Are there no cookies in the New Age?
It’s a great line.
The book is filled with great lines.
A few years ago, I told my grandmother (not for the first time) how much I admired the writing, especially in the prologue. She replied that she had obsessed over it, writing and re-writing until she felt that every single word in those initial pages was exactly the right one.
The writing we most admire can sometimes feel as if it were birthed whole in all its brilliance from someone who is simply much better at the craft than we are. But it’s not true. Most great writers write, rewrite, and do it again and again. We can be masochists that way.
Inevitably, I find that my favorite passages in literature are the product of dozens of rewrites. “The first draft of anything is shit,” Hemingway once declared.

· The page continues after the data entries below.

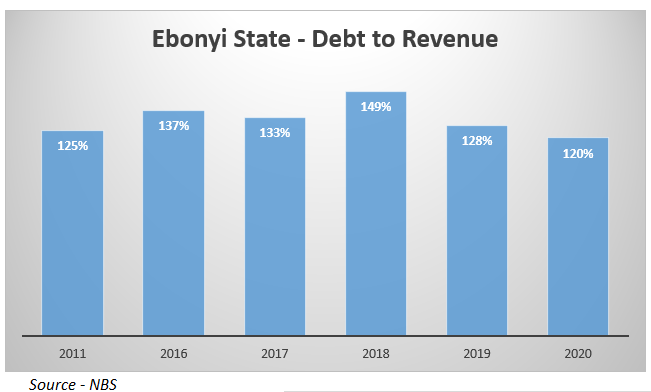 yinkanubi's tweet photo. Debt to Revenue Ebonyi State

2011 - 125%
2020 - 120%

Percentage Change 4% 

Nb: Ebonyi has the lowest Debt to Revenue in the SE for 2020. Prior to 2020, it used to be Anambra State.

#StateOfStates https://t.co/CgqXDWOH8k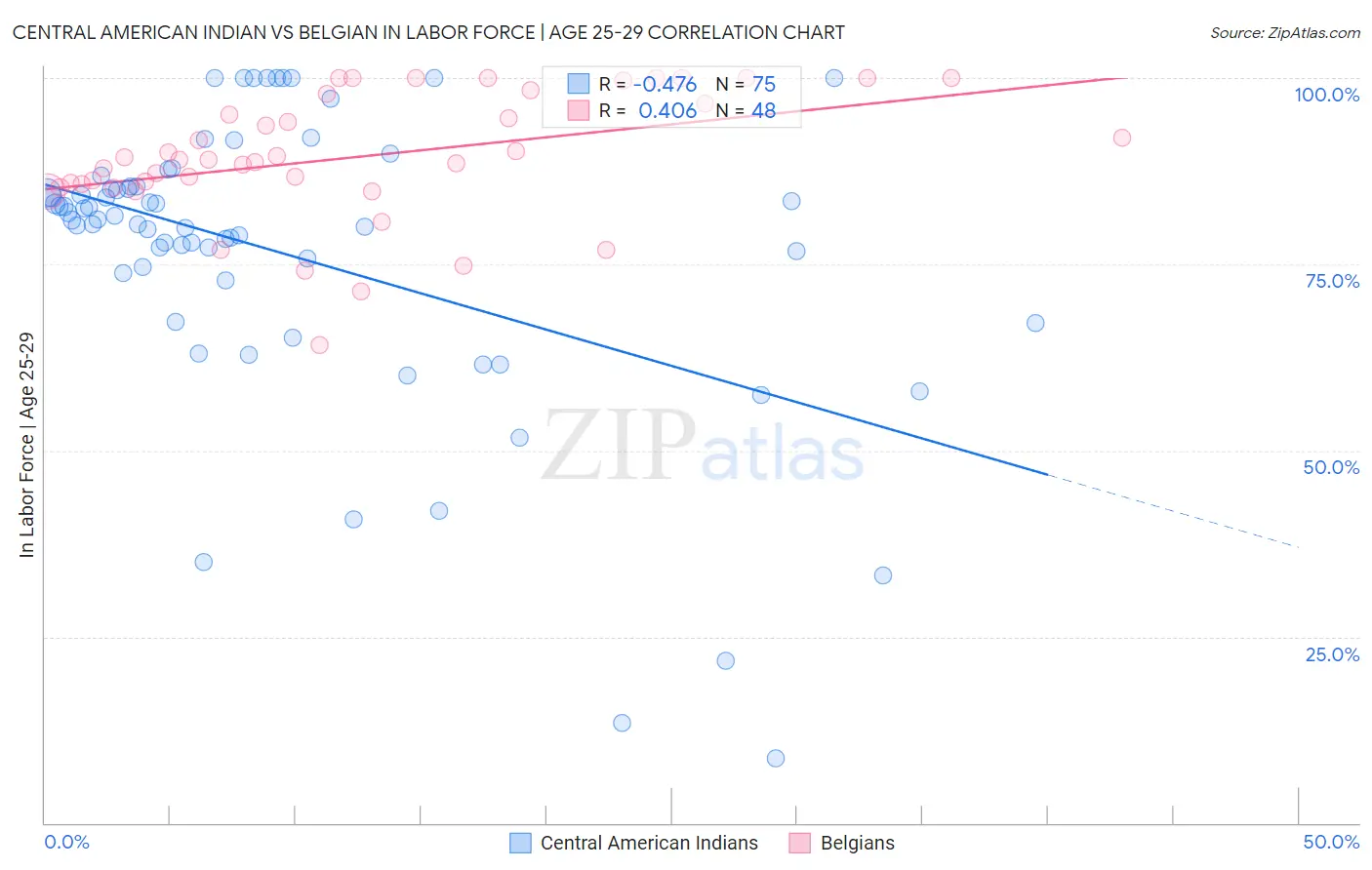 Central American Indian vs Belgian In Labor Force | Age 25-29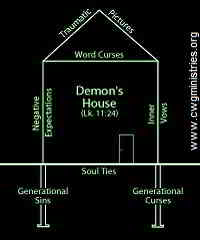 7DemonHouse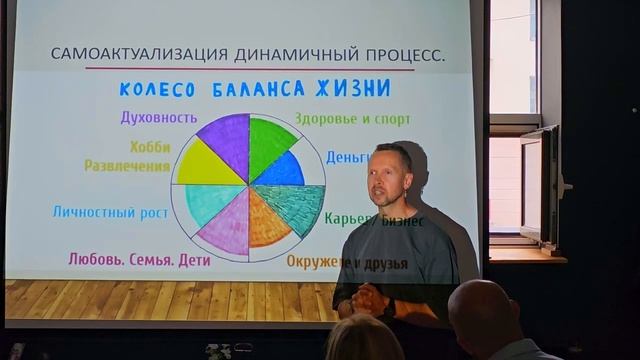 Самореализация и самоактуализация.
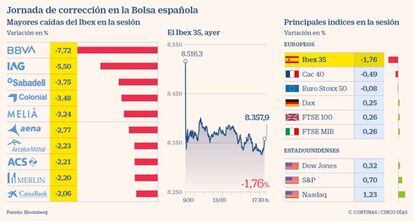 Jornada de corrección en la Bolsa española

I had been dispairing about the quality of my own writerly output at the time, so knowing more about my grandmother’s process on the prologue made me feel better. It meant I wasn’t necessarily a worse writer than her—I just hadn’t put in the same effort.
Still. This is the example I have been chasing for almost as long as I can remember.
Not just her. It was all great writers and all great writing. My childhood homes were stuffed with books. On the wall above a doorway in one house, my mom once painted the words of Cicero: “A room without books is like a body without a soul.” Imagine growing up and walking under those words daily.
In high school and college I accumulated used books from thrift stores at such a rate that by the time I moved back to Santa Fe to go to grad school, I loaded no fewer than 12 boxes of books into the moving truck, and did so with pride. I was 23 years old.
To me, books were the pinnacle of civilization—not the only way, but the best way to leave a creative legacy. Books were what we write when we have something to say. It thus followed: if you have not written a book, you must not have had anything important to say.
It’s taken me a lifetime to unwind some of that thinking. Today, I regard a book as one medium among many, just one tool. Art and influence can come in many forms, and important things to say can be said in a whole host of mediums. Although: I still can’t shake the thought that a book is just a bit more special than all the rest.
My grandmother, no doubt, is still waiting for me to publish one. And to be fair, it still might come. The draft is sitting there, in my files, awaiting the day when I have the motivation to do the rewrites necessary to transform it from the aforementioned first draft “shit,” to something that I would actually like to put into the world.
I’m not sure if or when that day will ever come—and I’m trying not to feel like a failure about that. Legacy, influence, and impact can come in many forms if those are indeed things you seek. That might seem obvious, but for me, it has been a lesson slowly, sometimes painfully learned.
At the end of the dinner party, my grandmother drives home:
A glance at the odometer tells me I live forty-two and a half miles from the intersection of Trinity and Oppenheimer Drive. Checking the mailbox, I walk down the drive to the house fully aware that I live at the intersection of the mystical and the individual and one man’s finger away from total annihilation.
And then there’s this:
My grandson Russell’s bike is on the walk, and I remind myself to tell him tomorrow that bikes get parked, not dropped.
The words mattered to her. And indeed they do.